When I saw the climax of Nerve; a masked mass of sycophants dimly lit by the light of their phones, I saw what Siegfried Kracauer might have seen in The Cabinet of Dr. Caligari (1920); a denial of tradition mixed with "...faith in man's power to shape society and nature." I saw the prurient fecklessness of reality TV being weaponized, the desensitized and fragmented youth culture being co-opted and the fears of technology being fiendishly well justified. In other words, I saw the end.

This bulls**t actually sounds familiar...
The film has a deceptively clever little setup; Vee (Roberts) a goody-goody living on Staten Island is coaxed into an online truth or dare game, only without the truth. Those involved are either Watchers or Players. The much larger Watcher community decides which dare/stunt the Player group is to accomplish and each accomplished dare wins you money. Those who "bail" or "fail" lose all their winnings and lose a chance at the finals. There's a third group which is strongly implied in the trailer but I won't spoil for the sake of those who actually want to watch this harbinger of the end of the republic. After all, snitches apparently get stitches.

Objectively speaking this film is okay. The story from a structural point of view is serviceable and the characterizations are bullet-pointed but never fully fleshed out. There are some neat visuals made real by luscious primary colors then sabotaged by ugly staging and distracting ADHD inspired graphics. Directors Henry Joost and Ariel Schulman may have been channeling Nicolas Winding Refn or Rick Famuyiwa's work in Dope (2015) but they really only succeed in reaching the sophistication of Untraceable (2008) drenched in warm neon.
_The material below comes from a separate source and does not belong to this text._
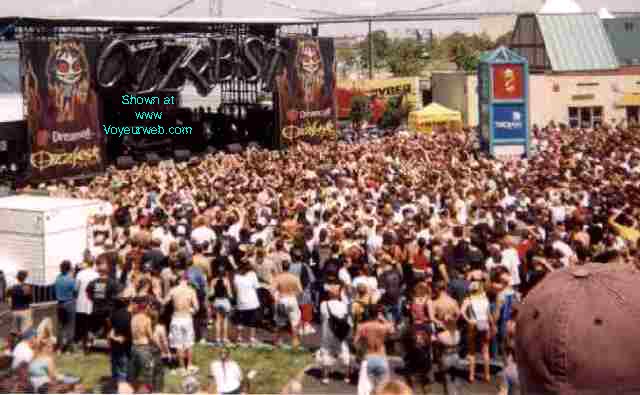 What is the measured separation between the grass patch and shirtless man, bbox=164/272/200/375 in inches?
11.7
That kind of data-mining could never happen in real life
...right?
Our leads Vee and kinda-sorta Nerve teammate Ian (Franco) don't really feel believable within the context of the film not to mention believable as teenagers. Vee especially takes far too long to suspect something is amiss. If she were truly as brainy as her friends Sydney (Meade) and Tommy (Heizer) thinks she is, she would have bailed right after Ian explains someone just showed up and handed him her favorite book guaranteeing she would meet him. Ian's backstory remains murky until near the end but upon closer scrutiny post-credits his "too-cool-for-school" act feels more like a story contrivance than honest characterization.

What separates Nerve from other YA screen adaptations, and truly makes this film beyond loathsome is its rather cavalier and quite frankly disgusting attitude towards privacy, technology, social media, democratization and human nature. Nerve has an unabashedly negative view of humanity, taking great relish in exposing the dark side of living in an open forum world with open forum expression and open forum consumption. And yes there is something to be said about advancements like the internet, meant to share knowledge and culture, being used as a means to indulge our baser impulses. Yet by being both broad and ordinary, Nerve spits on the nobility of democracy while simultaneously dooming even the smartest among us to a future of celebrity chasing, easy money and permanent distraction. A future entirely based on up or down votes and culpability is but a word that grownups use.

Not since Dirty Harry (1971) have I seen a film so morally backwards and utterly contemptible. While gushing at the excess of it's own high-concept, Nerve burrows into the viewers skull, smuggling in unscrupulous ideas made effective by the film's ordinariness. While watching Nerve I was reminded of Plato's "The Republic"; specifically his passages on late-stage democracy. In it, Plato discusses the risks of a fractured polity, a society where "too much freedom seems to change into nothing but too much slavery" and thus becomes ripe for tyranny. I much rather believe as Thomas Jefferson once did that "An educated citizenry is a vital requisite for our survival as a free people." Nerve puts that idea into doubt forcing me to fall back on the tired refrain of it's just a movie.

And it is just a movie; the walls of Jericho are not going to be tumbling down just because Emma Roberts made out with Dave Franco at a diner. Yet as a harbinger of what's to come let's hope this film is an out-layer and not the eventual rule.